• **REQUIRED ACTION**
The records below are to be restated word for word, with every picture left out.

• **DATA RECORDS**
--

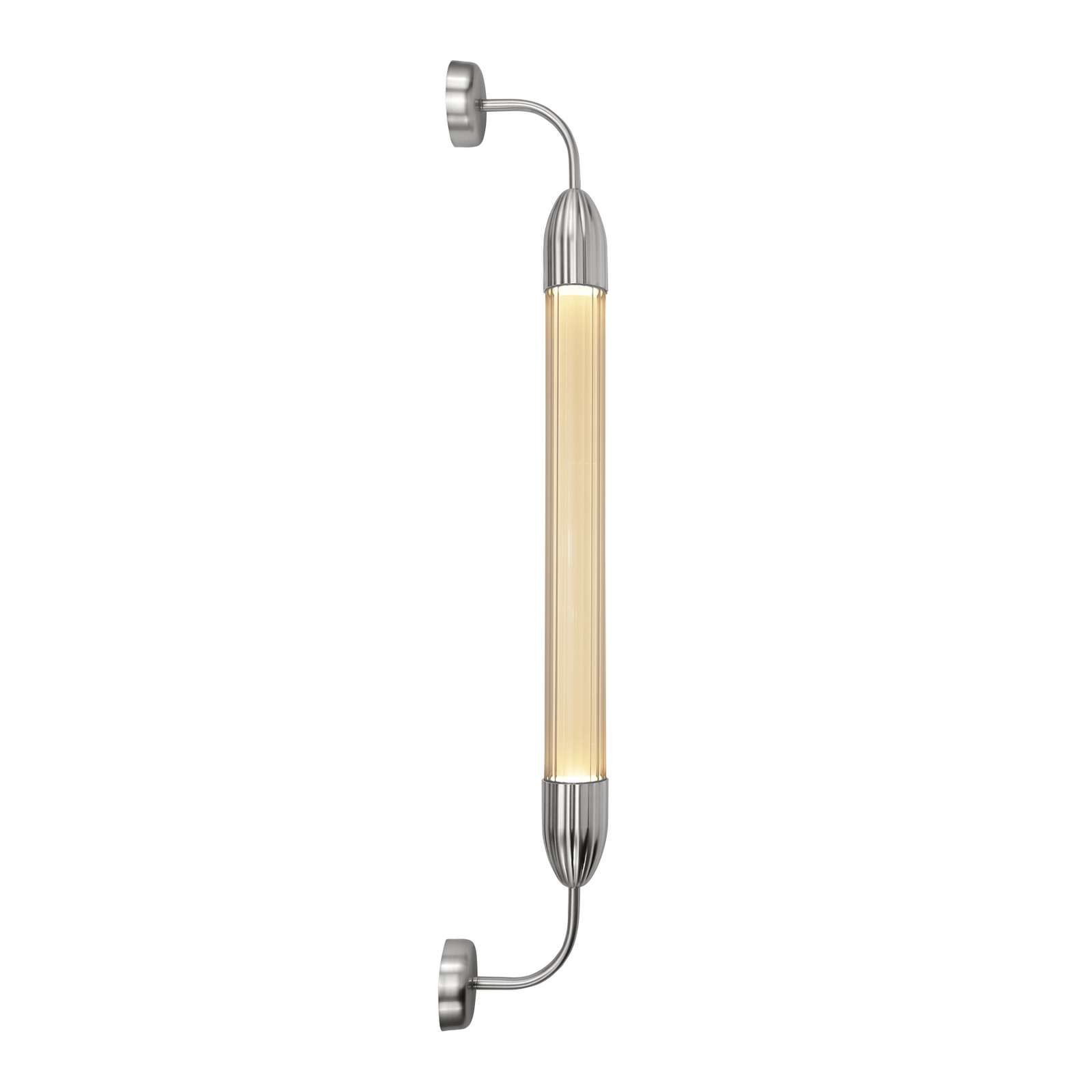 Lemon Squeeze Wandleuchte Einzeln Long Plated Steel - UMAGE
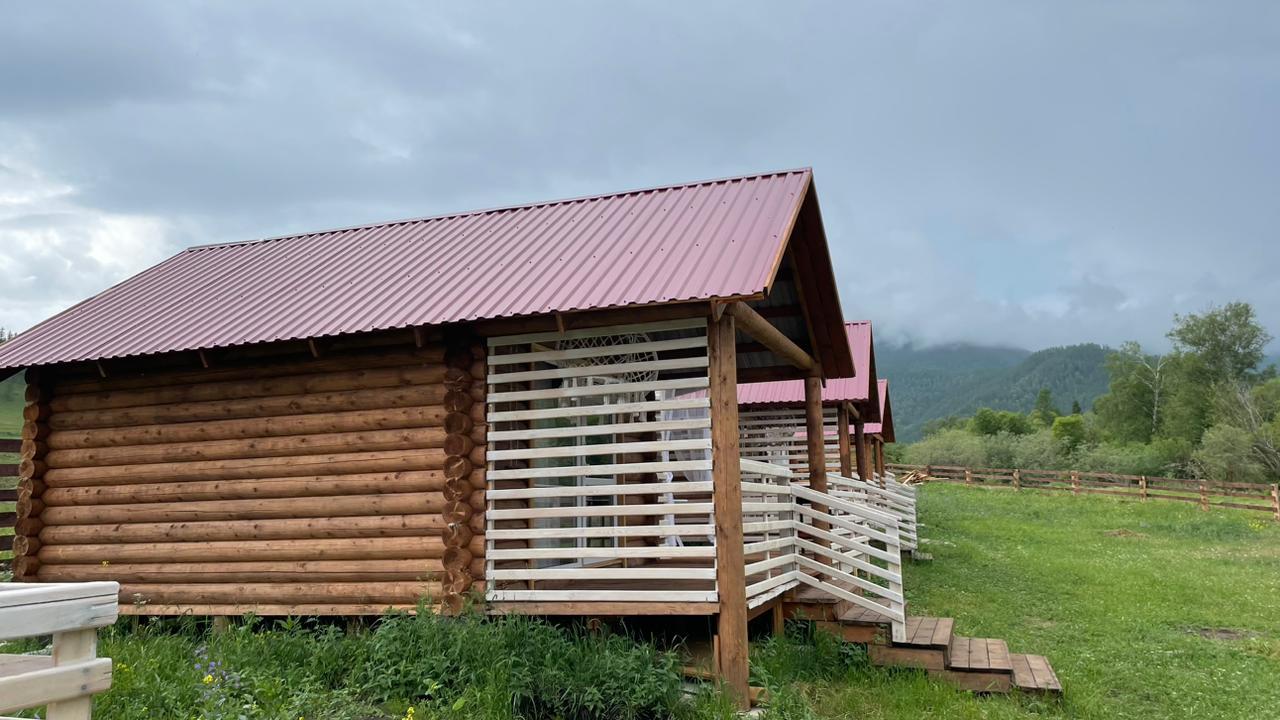 Дом с двухспальной кроватью и доп. местом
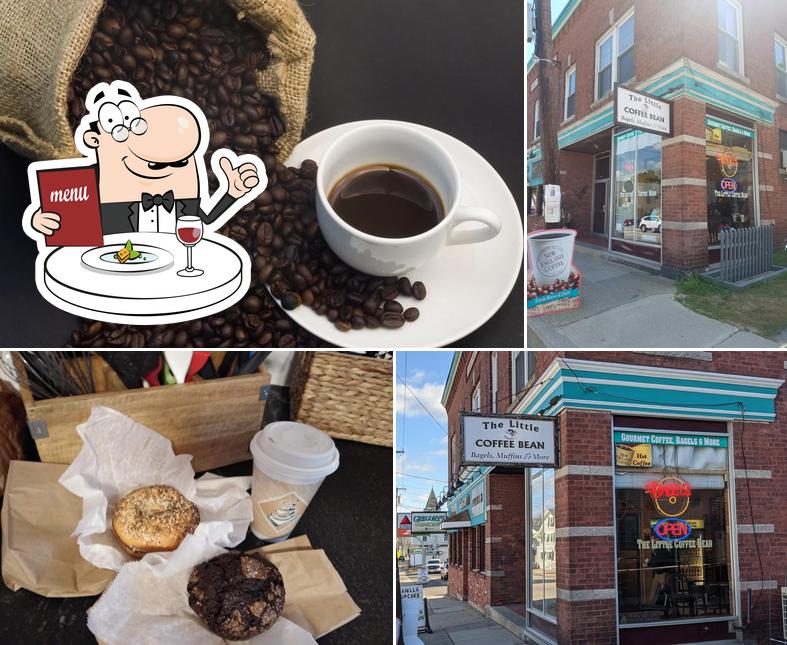 The Little Coffee Bean, 299 NE Main St in Douglas Restaurant menu and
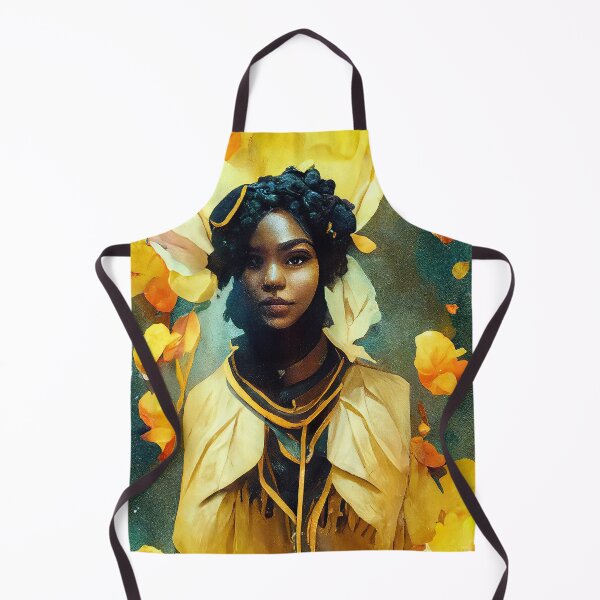 Item preview, Mistress of Flowers and Gold designed and sold by Jeremiah Rounds.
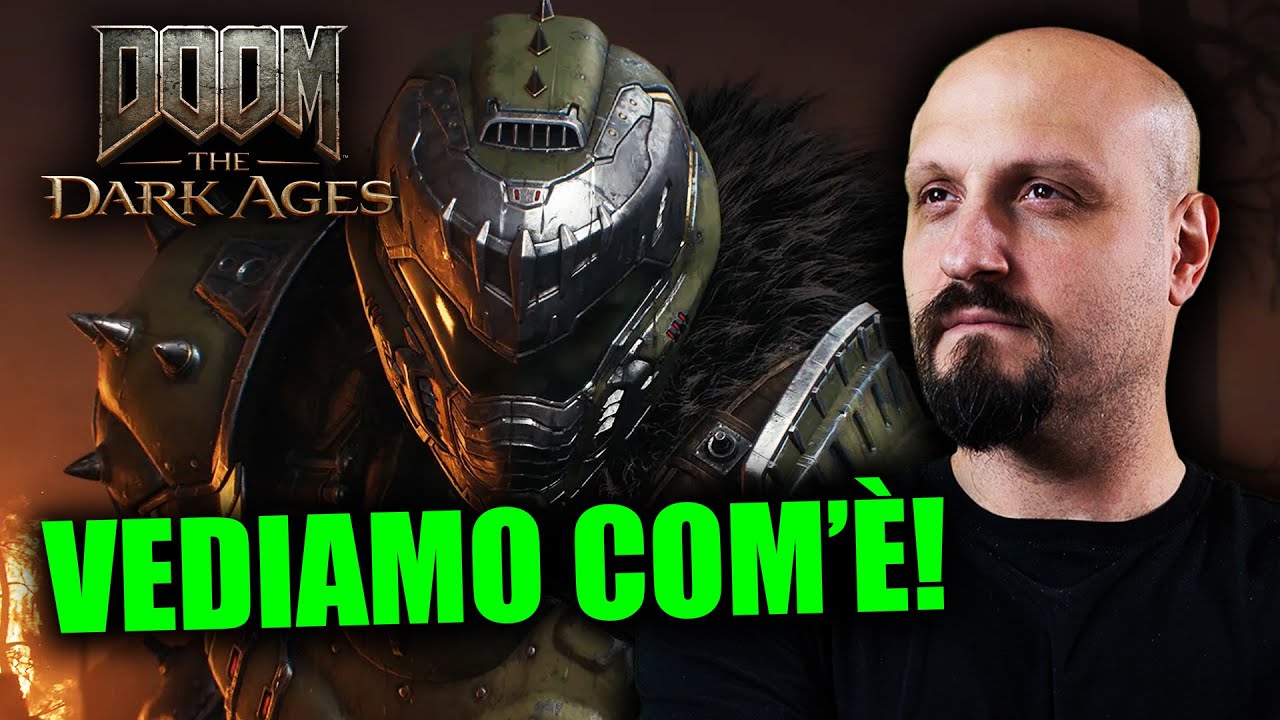 DOOM The Dark Ages - IMPRESSIONI A CALVO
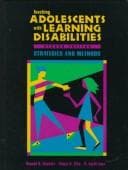 Tapa de Teaching adolescents with learning disabilities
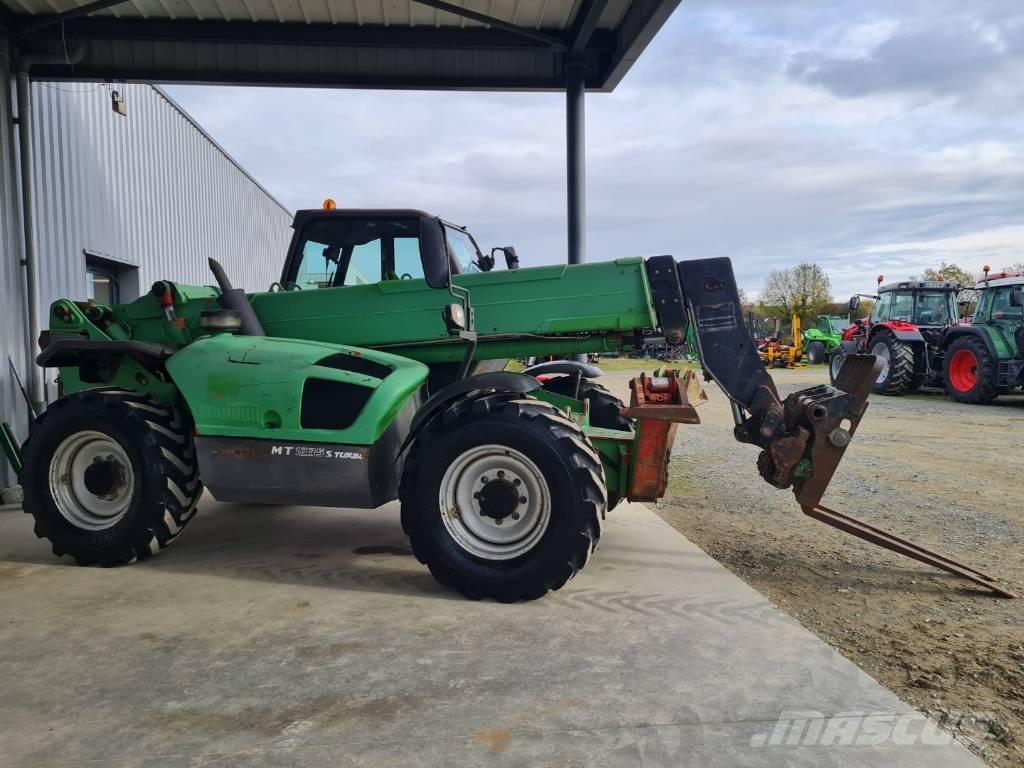 Manitou MT 1235 S Teleskopiniai krautuvai
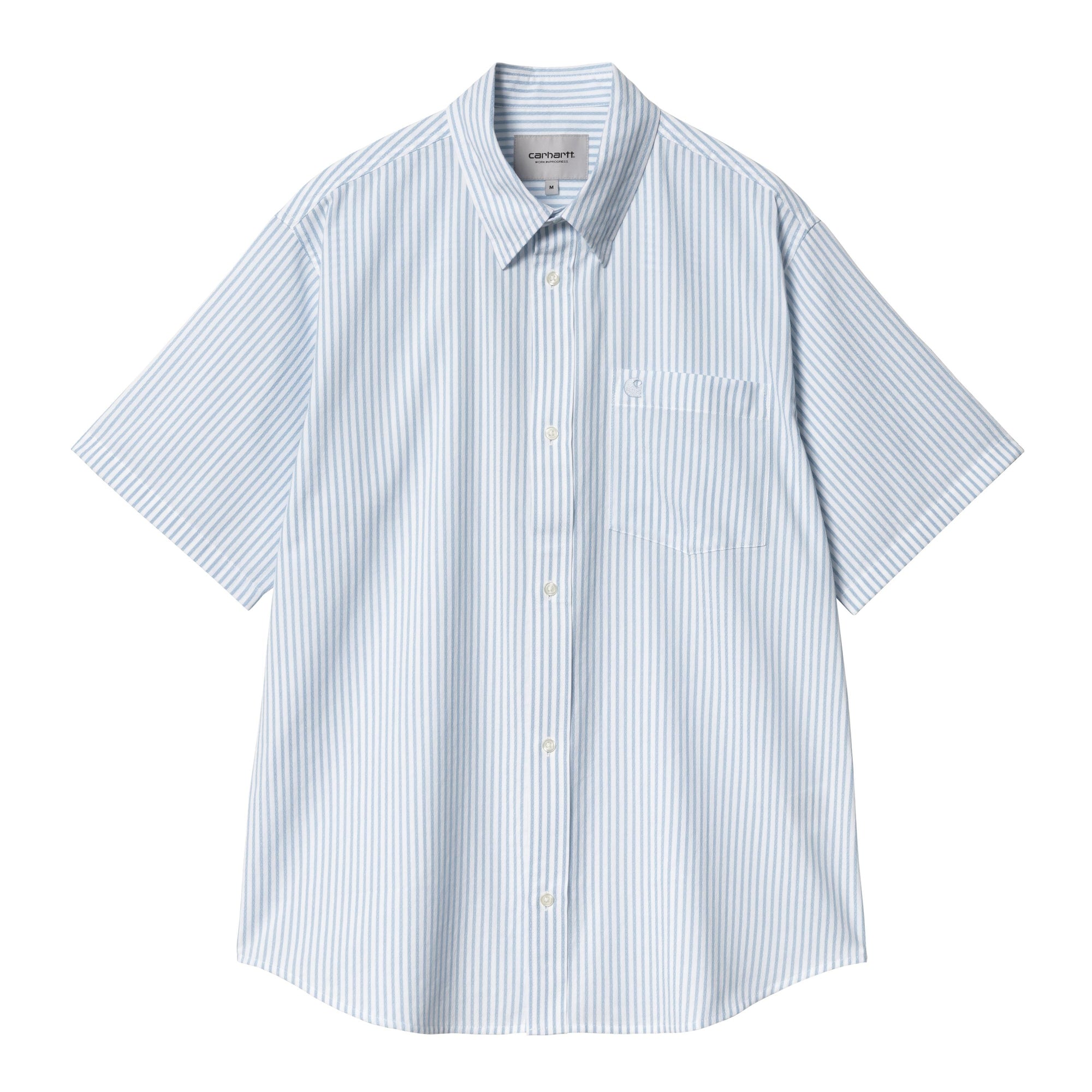 S/S Phelps Shirt bluebird I034532 2SSXX CARHARTT WIP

--

• **RESULT OF THE EXERCISE**
 Lemon Squeeze Wandleuchte Einzeln Long Plated Steel - UMAGE
 Дом с двухспальной кроватью и доп. местом
 The Little Coffee Bean, 299 NE Main St in Douglas Restaurant menu and
 Item preview, Mistress of Flowers and Gold designed and sold by Jeremiah Rounds.
 DOOM The Dark Ages - IMPRESSIONI A CALVO
 Tapa de Teaching adolescents with learning disabilities
 Manitou MT 1235 S Teleskopiniai krautuvai
 S/S Phelps Shirt bluebird I034532 2SSXX CARHARTT WIP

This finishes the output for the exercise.